A Dakar, Nicolas Sarkozy appelle l’Afrique à "renaître" et à "s’élancer vers l’avenir"
LE MONDE | 27.07.07 | 
DAKAR, ENVOYÉS SPÉCIAUX

Le
"discours de Dakar" ne sera sans doute pas à Nicolas Sarkozy ce que
celui de Brazzaville avait été au général de Gaulle en 1944. Alors que
le président français avait lui-même évoqué ce parallèle la veille, les
applaudissements à peine polis que lui ont réservés les 1300 auditeurs
triés sur le volet à l’université Cheikh Anta Diop, jeudi 26 juillet,
ont sonné le glas de cette ambition.

Debout dans la limousine
du président sénégalais Abdoulaye Wade, Nicolas Sarkozy avait pu
apprécier, en début de journée, l’accueil bruyant, coloré, bon enfant –
et très organisé – traditionnellement réservé aux chefs d’Etat français
dans les anciennes colonies. "J’aime l’Afrique, j’aime et je respecte
les Africains", a-t-il indiqué.

A la tribune de l’université,
le président a lancé une longue adresse à la jeunesse d’Afrique.
Déclinant l’un des thèmes de sa campagne présidentielle, il a rappelé
son refus d’entrer dans un exercice de repentance, parce que "nul ne
peut demander aux fils de se repentir des fautes de leurs pères".

Certes,
le président n’a "pas nié les fautes ni les crimes, car il y a eu des
fautes et il y a eu des crimes". Avec des mots plus forts que jamais,
il a qualifié "la traite négrière et l’esclavage" de "crimes contre
l’homme, crimes contre l’humanité". Et il a longuement dénoncé les
effets pervers de la colonisation. "Ils ont cru qu’ils étaient la
civilisation (…).
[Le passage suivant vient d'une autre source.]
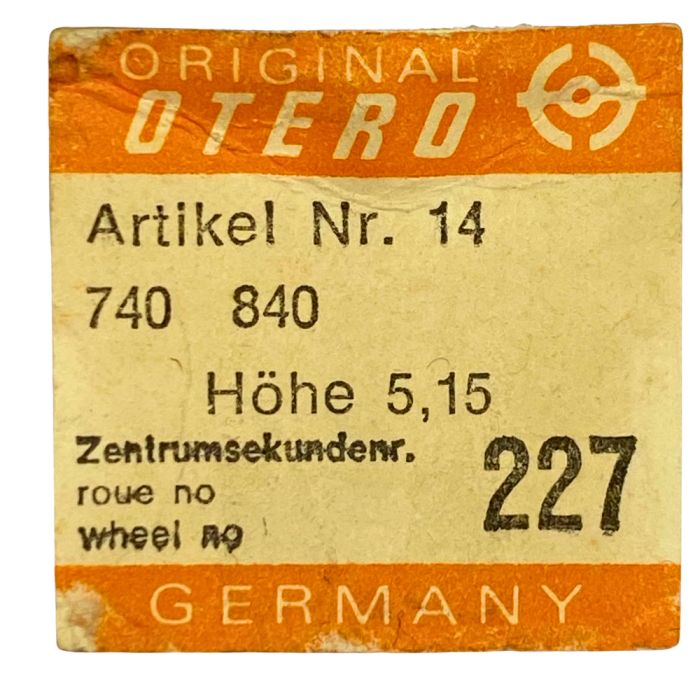Otero 740 - 227 Roue de seconde au centre (à l'unité) - Sweep second wheel and pinion (per unit)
Ils ont abîmé une sagesse ancestrale. (…) Le
colonisateur a pris, s’est servi, il a exploité, il a pillé des
ressources (…). Ils ont eu tort" a-t-il scandé.

"Ils se
trompaient mais ils étaient sincères", a-t-il toutefois nuancé. Plutôt
que la repentance, M.Sarkozy préfère le partage, la compassion au sens
premier : "Je suis venu vous dire que ta déchirure et ta souffrance
sont les nôtres et donc les miennes." Puis, comme s’il cherchait à
équilibrer les torts, M. Sarkozy a invité l’Afrique a faire sa propre
autocritique : "L’Afrique a sa part de responsabilité dans son propre
malheur : la colonisation n’est pas responsable des guerres sanglantes
que se font les Africains entre eux, des génocides, des dictateurs, du
fanatisme, de la corruption et de la prévarication."

Pour le
président français, c’est au sein même de l’identité africaine qu’il
semble falloir chercher les freins au développement du continent : "Le
drame de l’Afrique, c’est que l’homme africain n’est pas assez entré
dans l’Histoire (…). Jamais il ne s’élance vers l’avenir (…). Dans cet
univers où la nature commande tout, l’homme reste immobile au milieu
d’un ordre immuable où tout est écrit d’avance. (…) Il n’y a de place
ni pour l’aventure humaine, ni pour l’idée de progrès." Pour M.
Sarkozy, le salut du continent ne pourra venir que du métissage, de
l’assimilation de la part de civilisation européenne laissée par
l’Histoire : "Elle est le fruit d’un grand péché d’orgueil de
l’Occident mais elle n’est pas indigne (…), car elle est l’appel de la
liberté, de l’émancipation et de la justice." Le chef de l’Etat
français pense que ce métissage préparera "l’avènement de l’Eurafrique,
ce grand destin commun qui attend l’Europe et l’Afrique" que son projet
d’"Union méditerranéenne" pourrait préfigurer.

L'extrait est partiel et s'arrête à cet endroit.